Extracted data entries
__________________________________________________
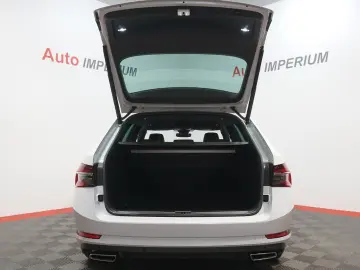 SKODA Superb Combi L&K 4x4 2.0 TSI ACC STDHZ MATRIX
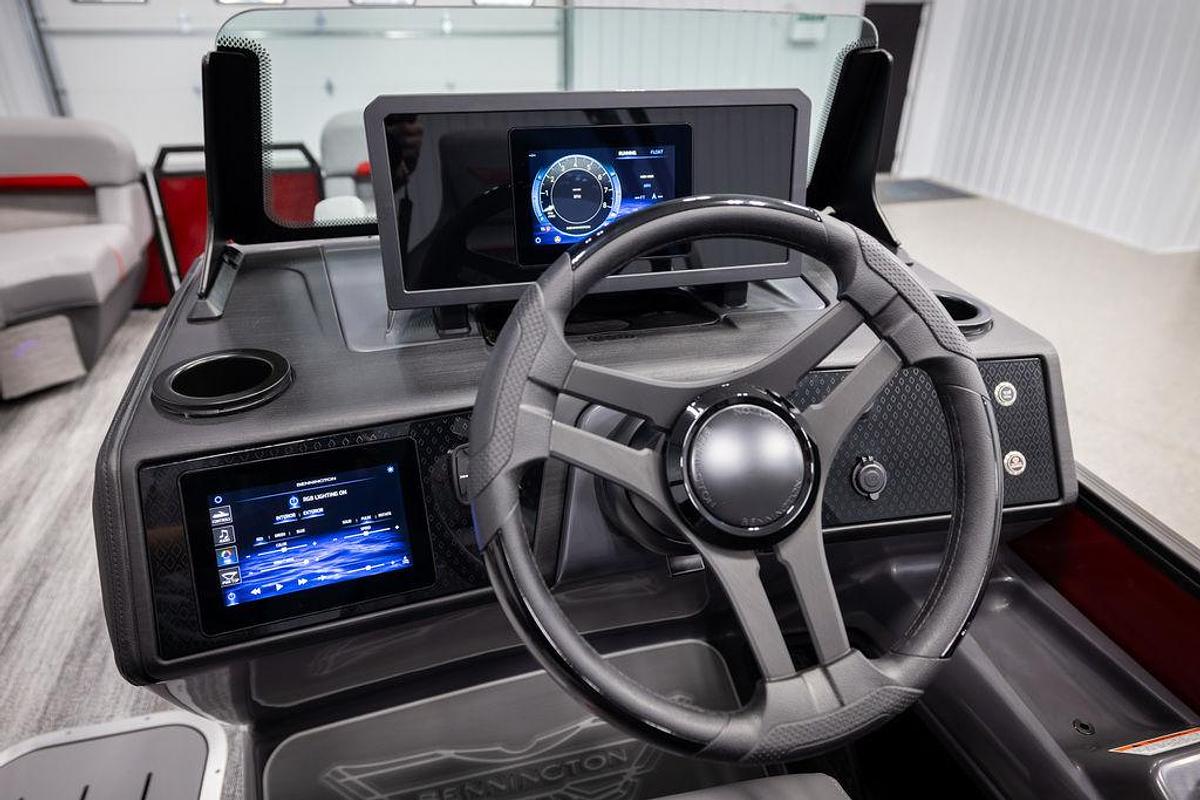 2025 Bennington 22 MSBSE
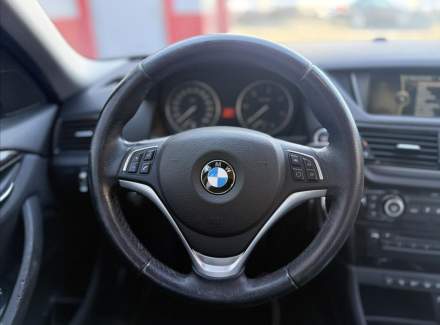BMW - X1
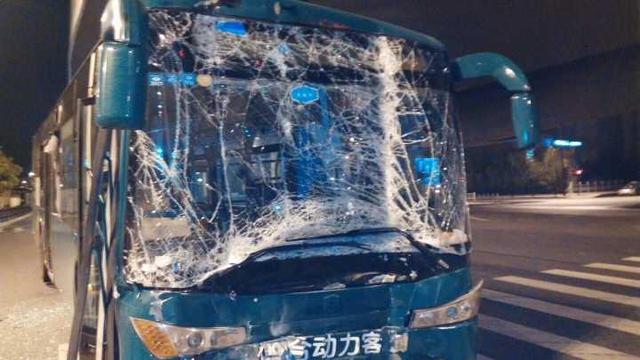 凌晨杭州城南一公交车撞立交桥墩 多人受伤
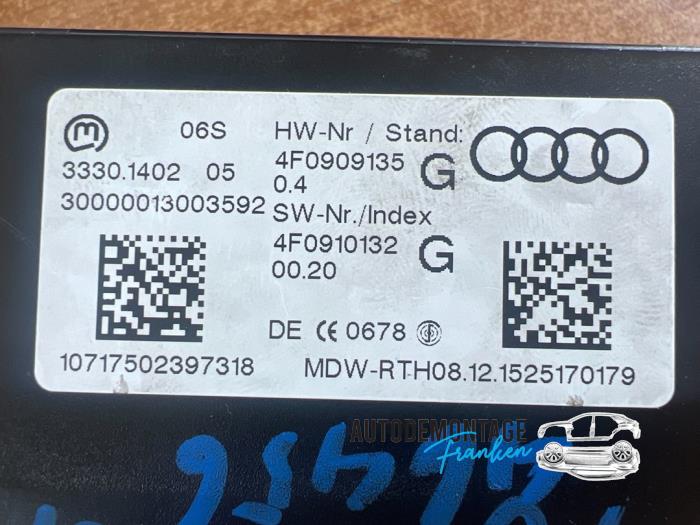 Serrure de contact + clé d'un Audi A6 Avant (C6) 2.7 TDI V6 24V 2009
__________________________________________________
* **Work required**
Write out exactly the lines that run from the one containing "2025 Bennington 22 MSBSE" to the last line of the entries above, both ends kept, pictures left out.

* **Answer to this exercise**
 2025 Bennington 22 MSBSE
BMW - X1
 凌晨杭州城南一公交车撞立交桥墩 多人受伤
 Serrure de contact + clé d'un Audi A6 Avant (C6) 2.7 TDI V6 24V 2009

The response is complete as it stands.